Que m’arrive-t-il donc? Ma crème d’espoir serait-elle en train de coller au fond de la casserole?
Tout est effectivement parfait.
C’est juste que j’ai la nostalgie d’avant. J’ai tellement envie d’ouvrir mes ailes, de prendre l’avion, d’aller visiter nos restaurants, nos franchisés, nos bienheureux clients, nos employés dispersés à travers notre grand pays. J’ai le goût de souper avec mes petits-enfants, de jaser avec eux à n’en plus finir. J’ai envie de bouquiner, d’arpenter la ville, de prendre un café avec des amis, de découvrir une nouvelle pizzeria, une nouvelle paire de lunettes rondes, une nouvelle pièce de théâtre à regarder en personne devant les comédiens.
J’ai tellement hâte de donner le GO à ma tête pour rêver. J’ai hâte de refaire pour la énième fois le tour de ma Gaspésie natale.

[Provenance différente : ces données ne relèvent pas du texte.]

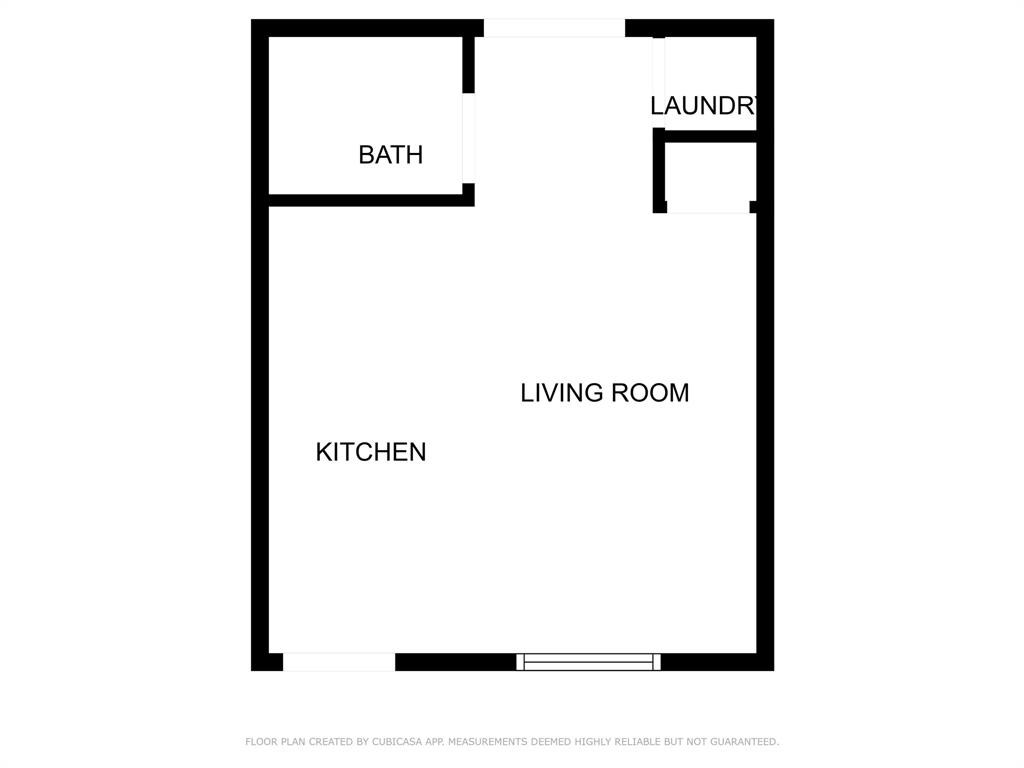 900 South Tool Drive, Unit 6 Tool, TX 75143 - Photo 7 of 7 unknown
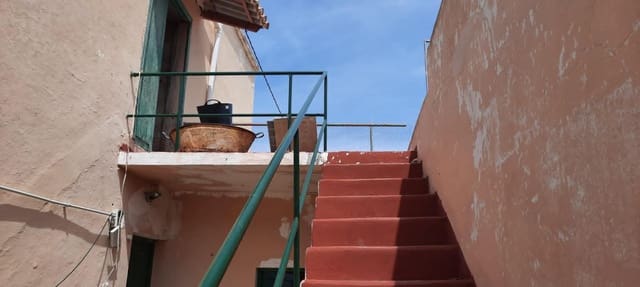 5 soverom Villa til salgs i Güímar - € 195 650 (Ref: 8637242)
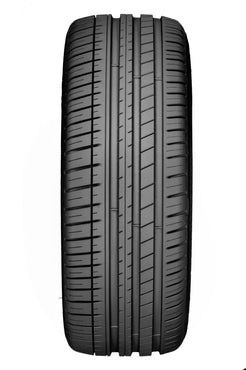 Neumático MICHELIN 255/40 ZR19 PILOT SPORT 3 MO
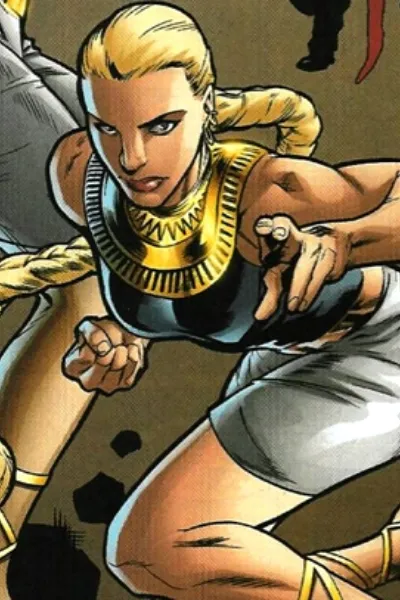 Mercy Graves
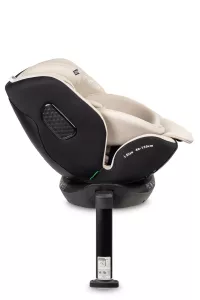 Caretero Lumi i-Size 2025 ⭐⭐⭐⭐⭐ Beige + u nás ZÁRUKA 3 ROKY a KAPSÁŘ ZDARMA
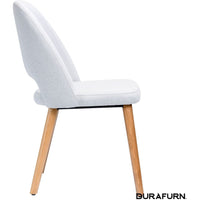 Semifreddo Chair
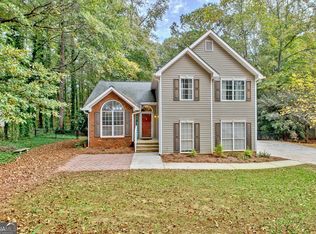 140 Richmond Pl, Newnan, GA 30265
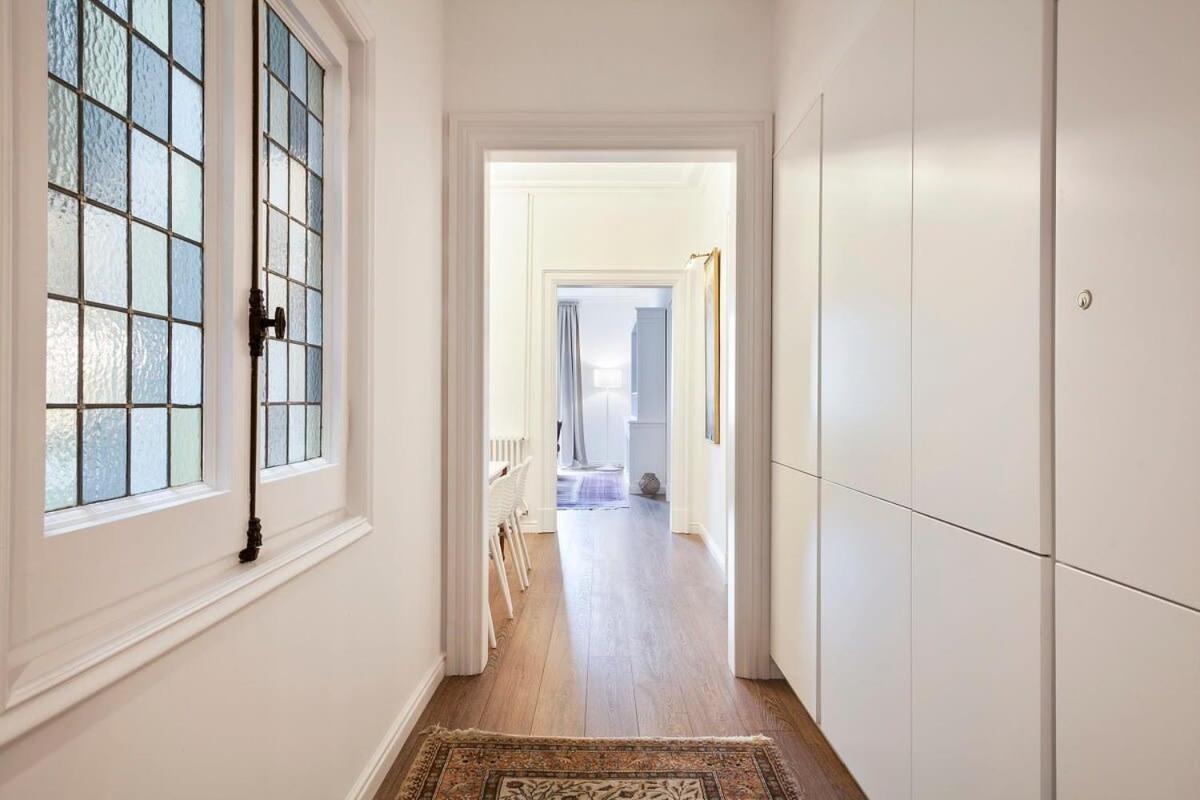 Appartement Casa Batllo - Luxury Historic 4Bd 4Bth For 9 Guests à Barcelone Extérieur photo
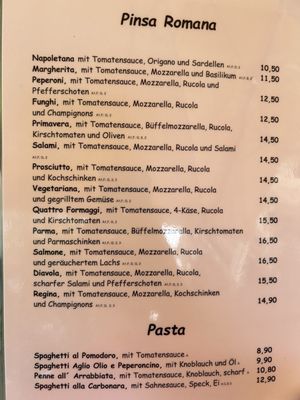 Menu photo 2 Föhn Bistro Munich, BY Menu photo 2 Föhn Bistro Munich, BY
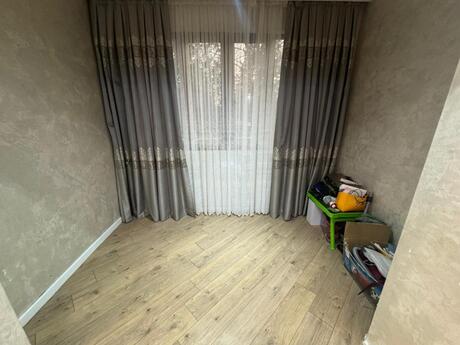 2 otaqlı köhnə tikili - Xalqlar Dostluğu m. - 60 m²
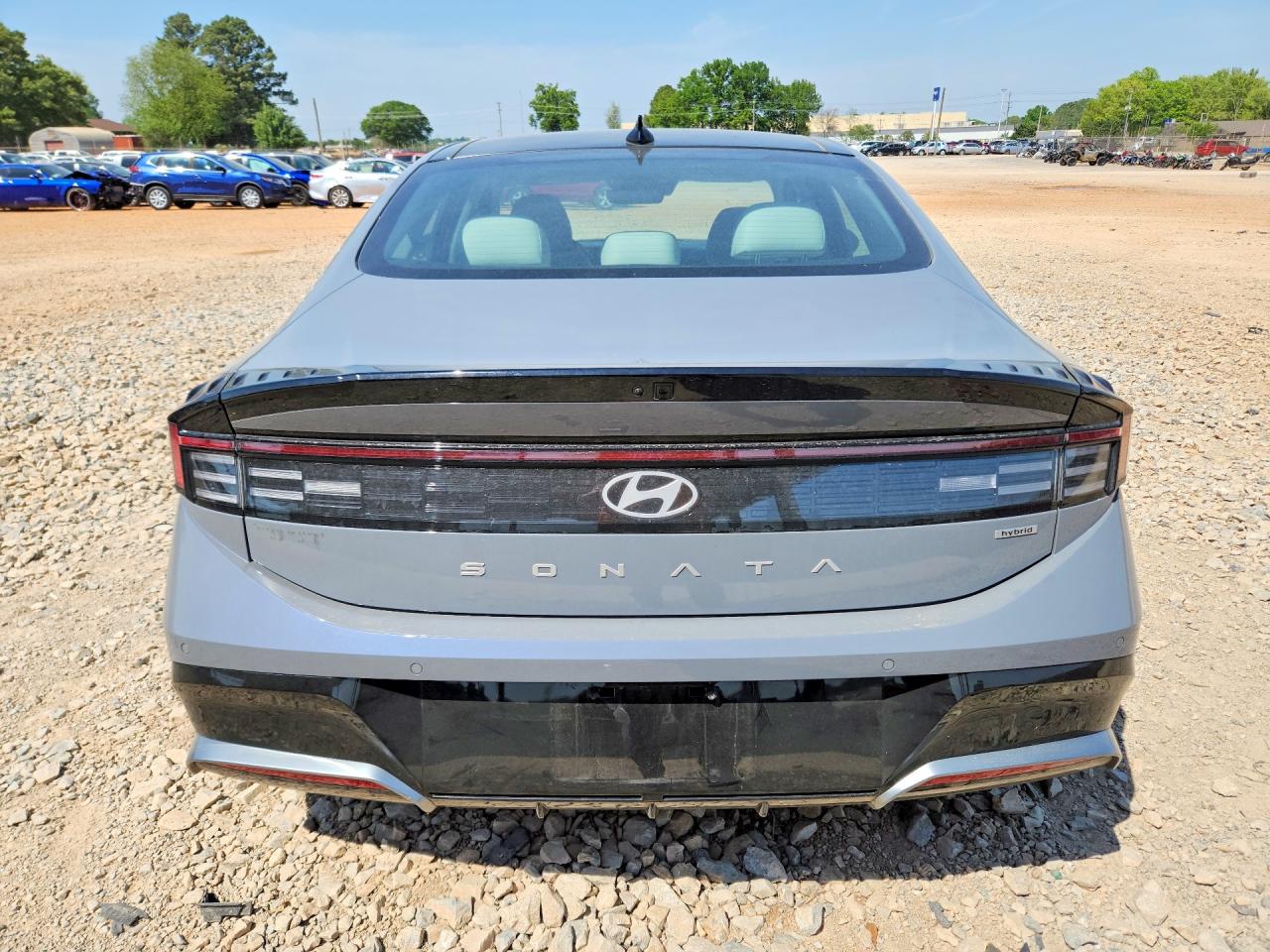 Hyundai SONATA Limited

J’ai surtout hâte de remplir ma cuisine de vrai monde, hâte qu’arrivent les enfants avec leurs enfants, leurs amis et tous les habitués de la maison.
Soudainement, c’est comme si j’entendais les automobiles mordre la neige et grimper jusqu’à la maison. Comme si j’entendais Nini et Pénélope ouvrir la porte et m’appeler du salon.

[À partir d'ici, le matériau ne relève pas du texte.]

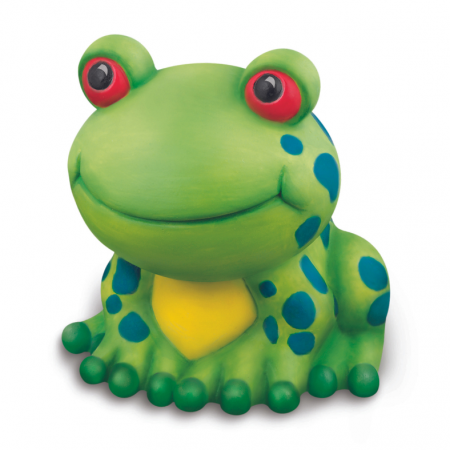 Set creativ - Picteaza propria broasca de gradina [2]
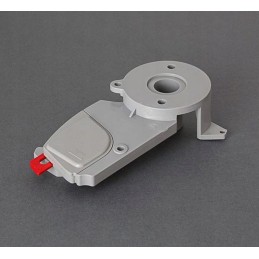 Internal awning cover, right, f45l, fiamma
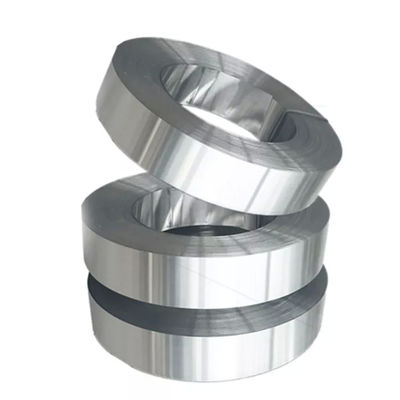 Ein guter Preis. 0.35 - 0,65Mm Aluminium-Silizium-Stahlspule Beschichtet Vorlack Online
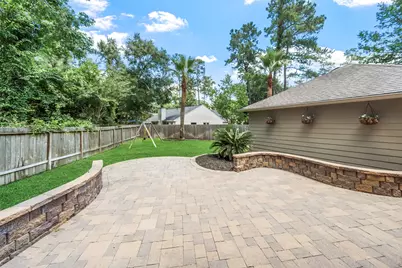 18 Hawkseye Place, The Woodlands, TX 77381 - Photo 26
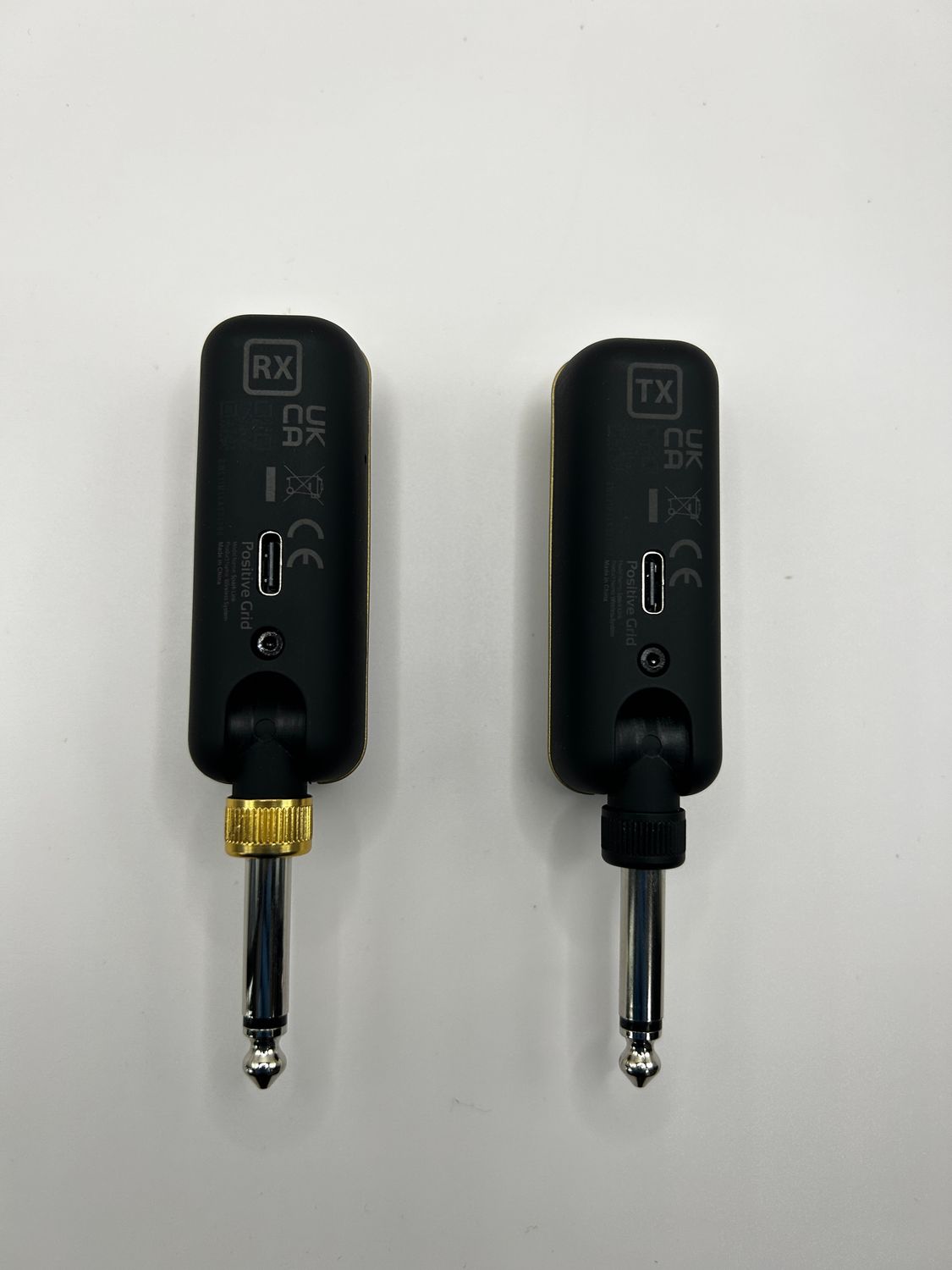 Positive Grid Spark LINK bezprzewodowy system gitarowy do gitary elek­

L’espoir me régénère, et au lieu de brailler, je devrais dire MERCI.
– MERCI à ce confinement de m’avoir évité le pire des pires!

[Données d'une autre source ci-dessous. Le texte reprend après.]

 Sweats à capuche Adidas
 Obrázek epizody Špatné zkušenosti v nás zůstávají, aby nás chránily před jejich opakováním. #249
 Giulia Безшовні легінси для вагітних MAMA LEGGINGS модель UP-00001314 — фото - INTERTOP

– MERCI à lui de m’avoir aidé à faire mon deuil du travail au bureau et à prendre ma place de fondatrice et mère du président de l’entreprise.
– MERCI à cette solitude obligatoire qui, veut veut pas, amollit ma carapace, ouvre mon cœur et avive mes émotions. Je constate que je n’ai plus de bouclier et c’est tant mieux.
– MERCI au confinement qui m’a appris à être davantage à l’écoute de mon corps, de mon cœur et de ma bourdonnante tête. J’apprends ainsi à réagir à la douleur occasionnée par la fatigue. J’apprends à me reposer, à prendre soin de moi et à être plus attentive aux petits bobos sur la charpente. Je fais des petites crises ici et là, mais j’ai amplement le temps d’apprendre à calmer ma tête en essayant de méditer, en lisant des textes inspirants et en écoutant de la belle musique.
– MERCI de toute cette abondance de temps paisible que ce confinement me procure, sans travail, sans déplacement d’affaires, sans sorties inutiles, sans consommation à outrance, sans vaines distractions et sans futiles placotages. Étant moins étourdie par le bruit du monde, j’apprends mieux à discerner le bon du moins bon.
– MERCI au confinement de m’avoir fait apprécier encore davantage la nourriture de chaque jour. Comme c’est mon métier, j’ai eu amplement le temps de réfléchir à ma diète quotidienne et à de meilleures façons de bien m’alimenter. J’ai aussi eu beaucoup de plaisir à revisiter mes nombreux livres de cuisine et à essayer plusieurs recettes qui me font encore saliver. Et je n’ai pas pris une seule livre depuis le début du mois de mars dernier.
– MERCI à cette éprouvante pandémie qui nous apprend, veut veut pas, que l’essentiel dans notre vie est absolument incertain; que nous devons nous familiariser avec l’imprévu, et avec l’inconnu.
– MERCI au confinement qui est à la source de cette correspondance. Avec une intention grosse comme le ciel de demeurer proche de nos clients, nous avons pensé vous écrire une lettre hebdomadaire pour que nos cœurs puissent garder contact; pour partager avec vous nos recettes et pour vous raconter plusieurs des histoires fondatrices de notre parcours. Et qui d’autres qu’une fondatrice en personne pour tenir la plume?
– ET FINALEMENT UN IMMENSE MERCI à vous, chers lecteurs, qui m’accompagnez tout au long de ces écrits. Vos précieux commentaires me font chaud au cœur et m’encouragent à continuer. Grâce à vous, un à un, les souvenirs émergent du passé et j’essaie de les faire revivre sur la page. Ces heureuses réminiscences me font beaucoup de bien.
Chaque lettre me donne l’impression d’être encore la même qu’à mes débuts, disponible et heureuse de faire plaisir à mes clients.